Tortilla
Rolls
- 1/4 cup cream cheese,
softened
3 tablespoons seeded and chopped green chili peppers (see note)
2 teaspoons tomato ketchup
1/2 teaspoon chili powder
1/4 teaspoon garlic powder
5 (10-inch) flour tortillas
8 ounces cooked turkey, sliced
2 tablespoons black olives, chopped
- In a bowl, with an electric
mixer on medium speed, beat softened cream cheese until smooth.
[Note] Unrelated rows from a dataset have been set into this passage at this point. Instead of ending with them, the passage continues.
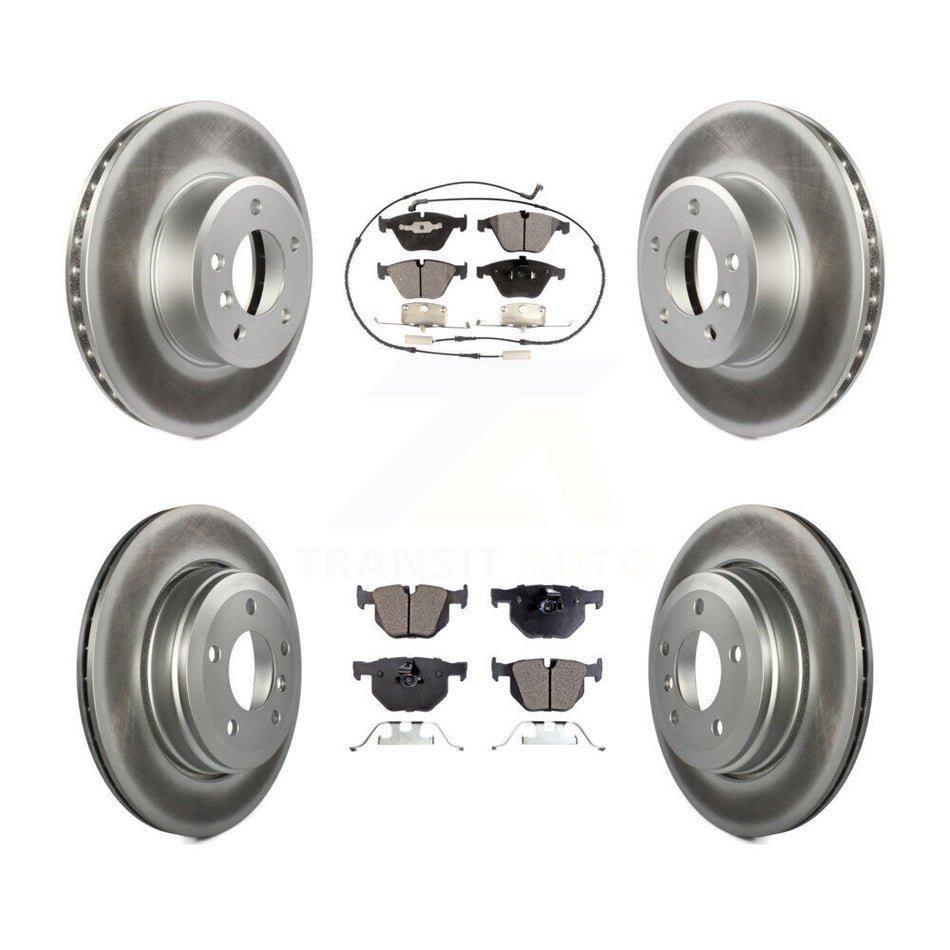 Front Rear Coated Disc Brake Rotors And Semi-Metallic Pads Kit For BMW 530i 525i 528i KGF-100919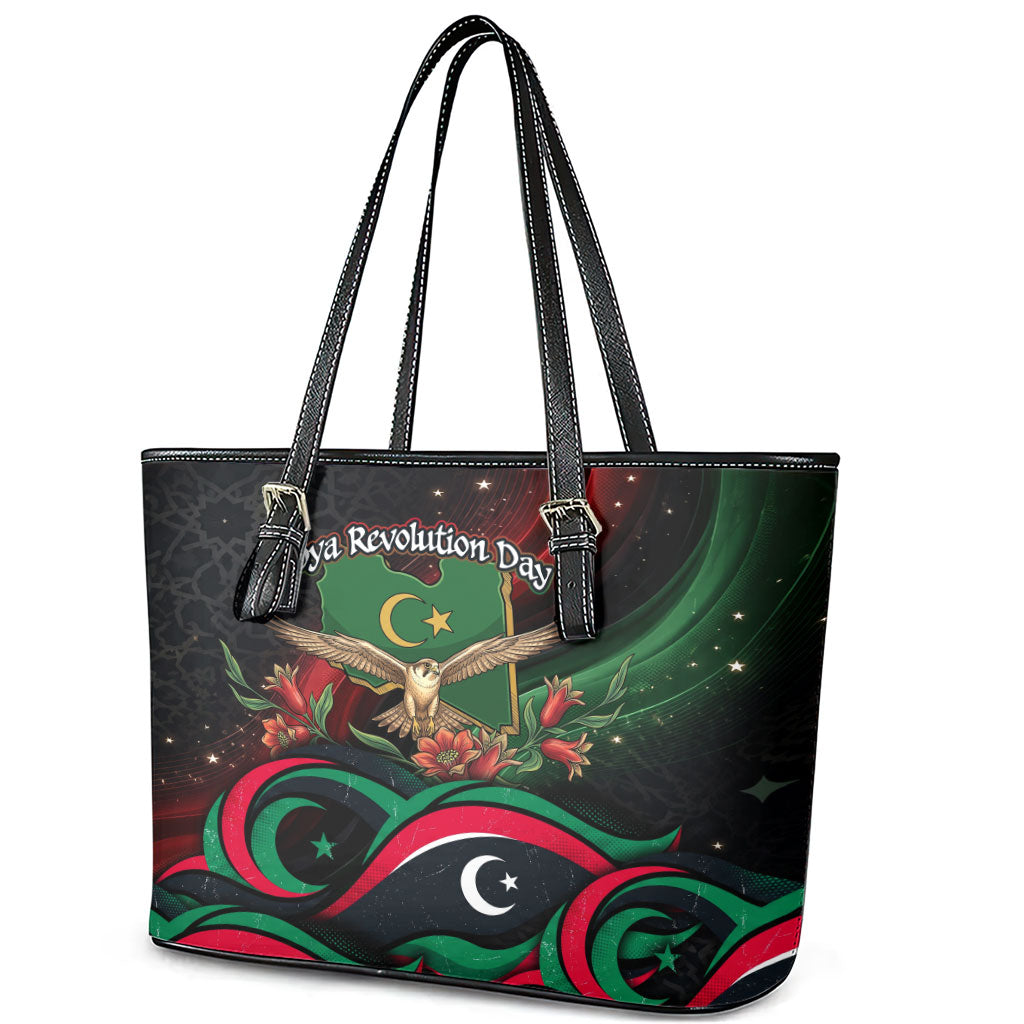 Libya Revolution Day Leather Tote Bag Flying Eagle Libyan Coat Of Arms Map - Land Of Resilience And Pride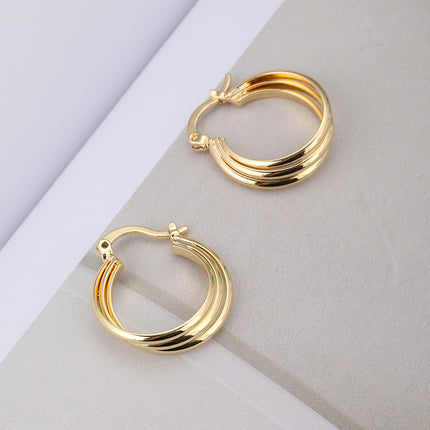 Aretes Arracadas De Cobre De Múltiples Capas, Diseño Clásicos Y Elegante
Add chopped green chili peppers, ketchup, chili powder, and garlic
powder; mix well. Spread over flour tortillas and top with sliced
turkey and chopped black olives. Roll up jelly-roll fashion and
chill for 2 hours. Slice into 1-inch pieces.
Makes 20.
Note: Working with jalapeños
or other chiles: Capsaicin is the ingredient in chiles that causes
the burning sensation associated with fresh peppers. It's a good
idea to use rubber gloves when handling fresh chiles. (Disposable
surgical gloves, available at most drugstores, work best for
this.) If you choose not to use gloves, be extremely careful
not to touch any part of your body, especially your eyes. After
you've finished handling the chiles, wash your knife and cutting
board with hot soapy water to ensure that there is no carry-over
to other foods that may come in contact with the peppers.